Your task. Transcribe all of the data exactly. Images stay out.

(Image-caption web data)
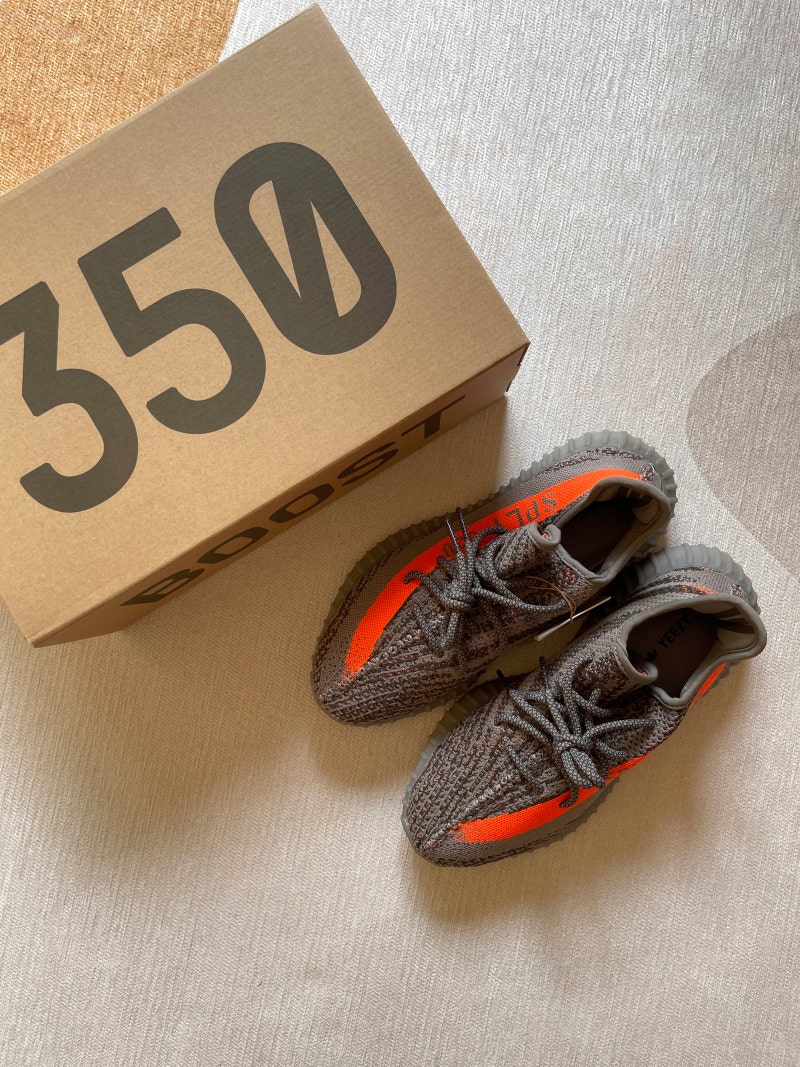 아디다스 이지부스트 350 V2 벨루가 후기, 사이즈 확실하게 추천해요! : 네이버 블로그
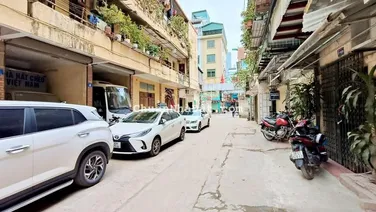 Giá hời. Bán căn hộ tập thể Nhà hát Chèo Mai Dịch, tầng 1- kinh doanh, ở sướng, ôtô đỗ cửa, 3,38 tỷ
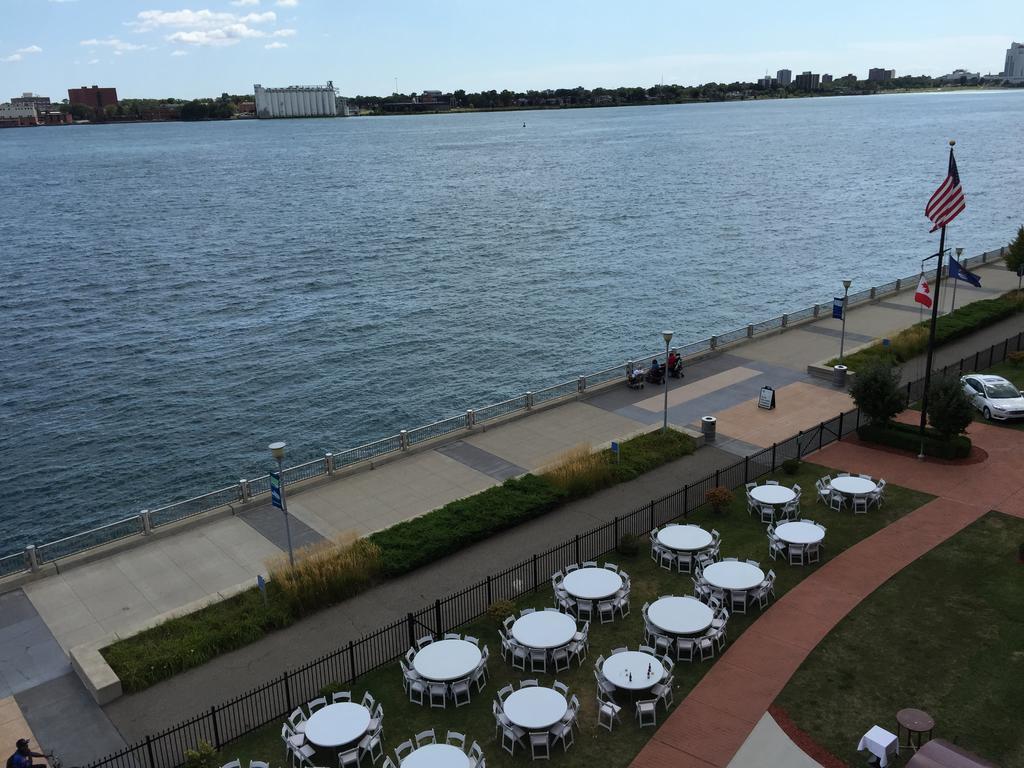 Roberts Riverwalk Urban Resort Hotel Detroit Exterior foto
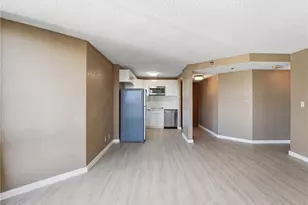300 Wai Nani Way, Honolulu, HI 96815 - Photo 13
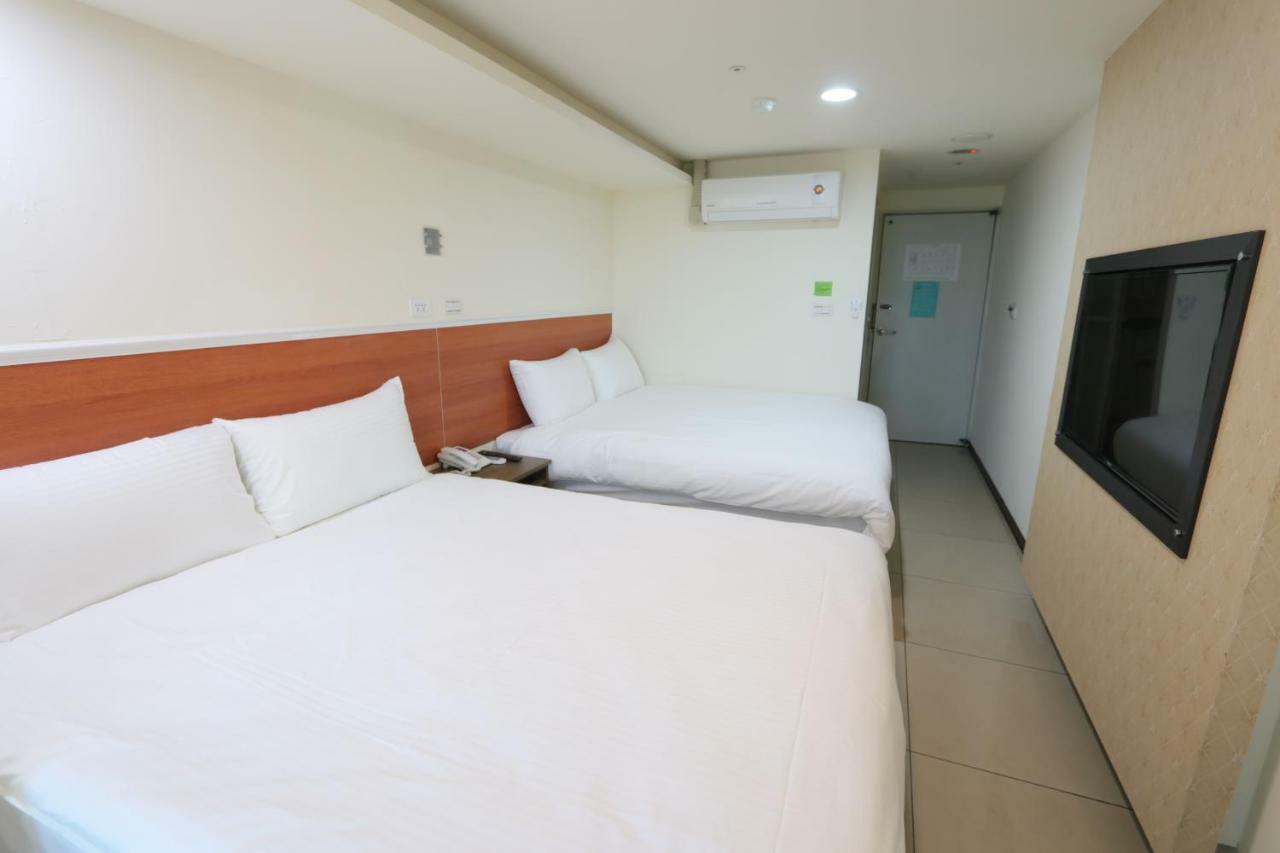 Yi Dian Yuan Hotel Чжунли Екстериор снимка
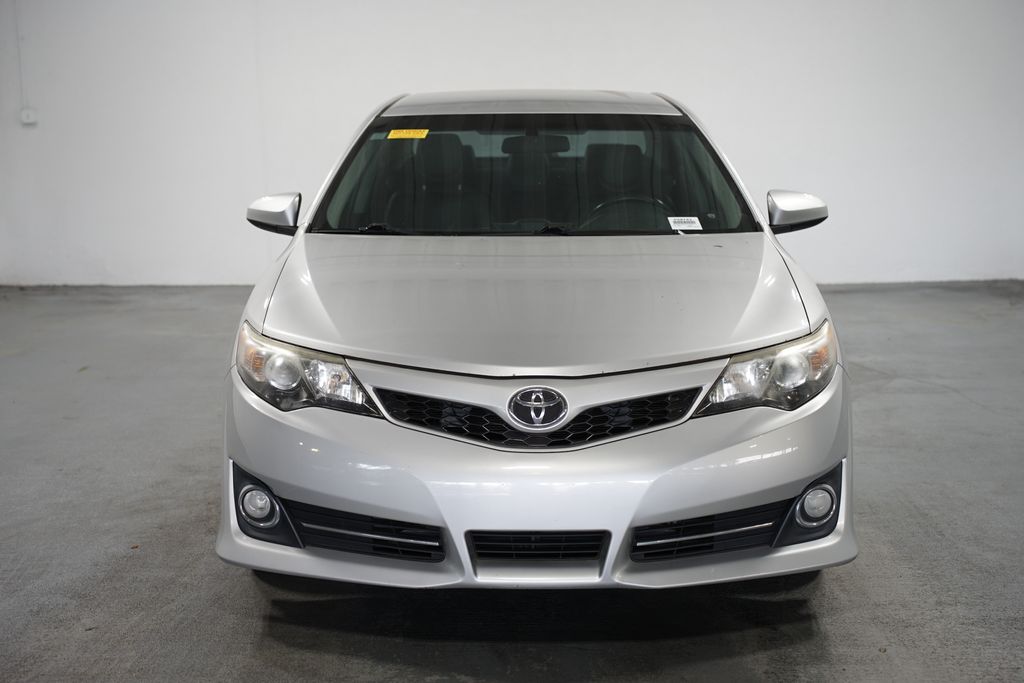 2012 Toyota Camry SE 2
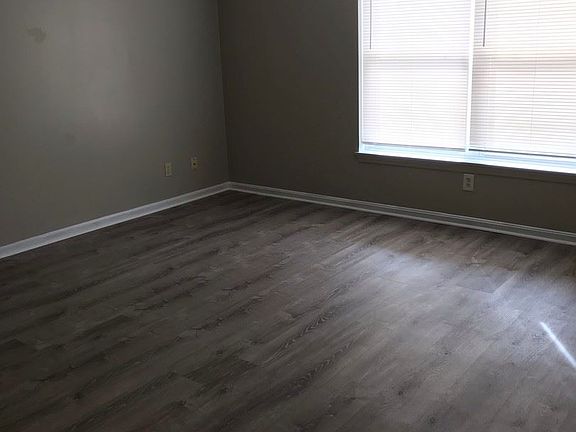 4th image of 2525 Saint Xavier St APT 2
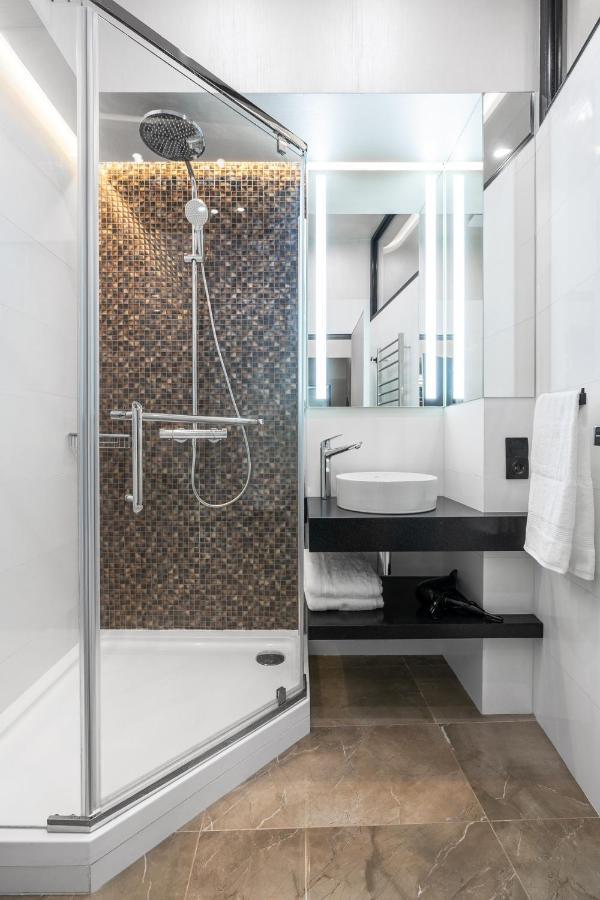 Luteranskaya Apartments Киев Екстериор снимка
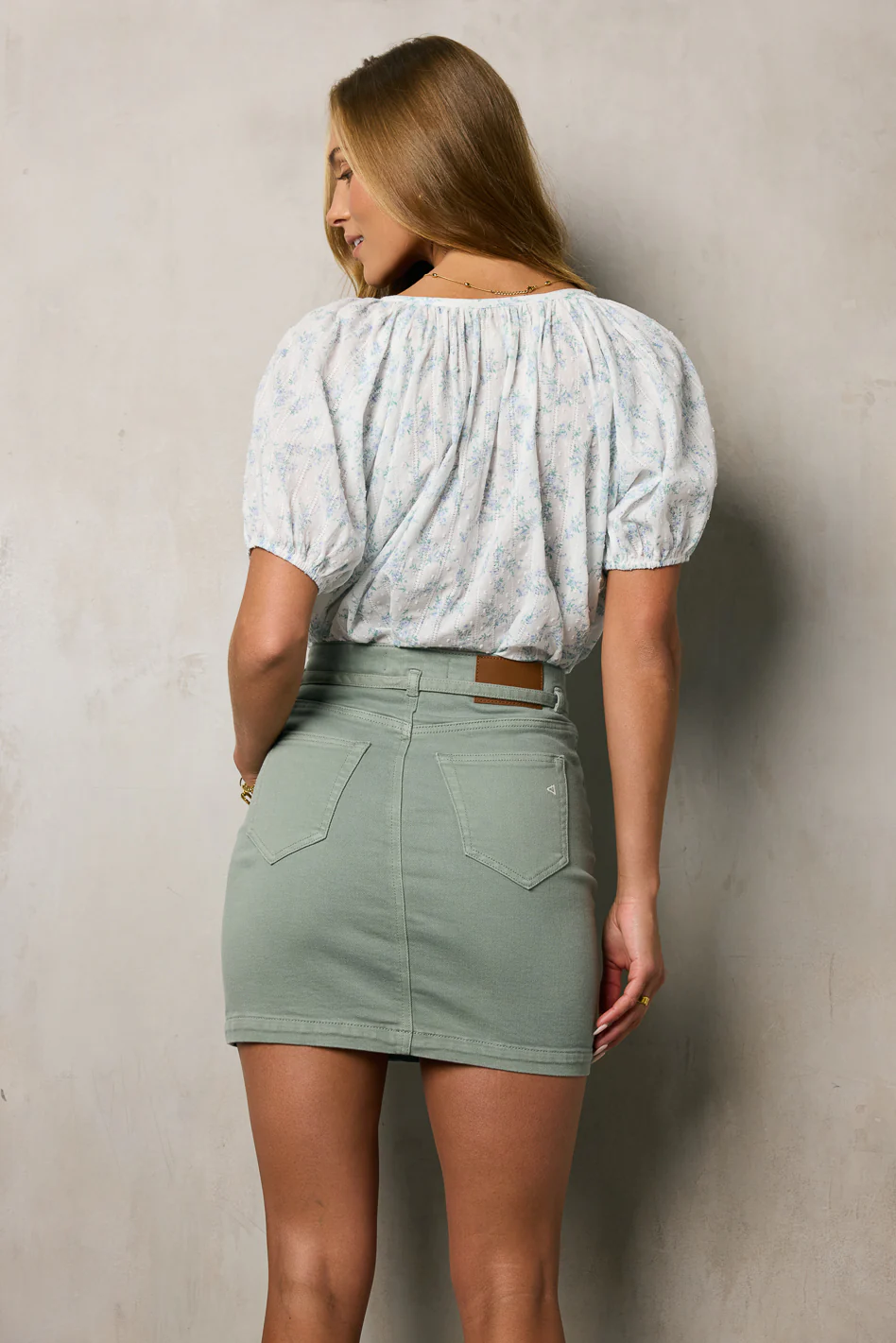 Peni Floral Blouse in Blue - FINAL SALE - Image 4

Task response.
 아디다스 이지부스트 350 V2 벨루가 후기, 사이즈 확실하게 추천해요! : 네이버 블로그
 Giá hời. Bán căn hộ tập thể Nhà hát Chèo Mai Dịch, tầng 1- kinh doanh, ở sướng, ôtô đỗ cửa, 3,38 tỷ
 Roberts Riverwalk Urban Resort Hotel Detroit Exterior foto
300 Wai Nani Way, Honolulu, HI 96815 - Photo 13
 Yi Dian Yuan Hotel Чжунли Екстериор снимка
 2012 Toyota Camry SE 2
 4th image of 2525 Saint Xavier St APT 2
 Luteranskaya Apartments Киев Екстериор снимка
 Peni Floral Blouse in Blue - FINAL SALE - Image 4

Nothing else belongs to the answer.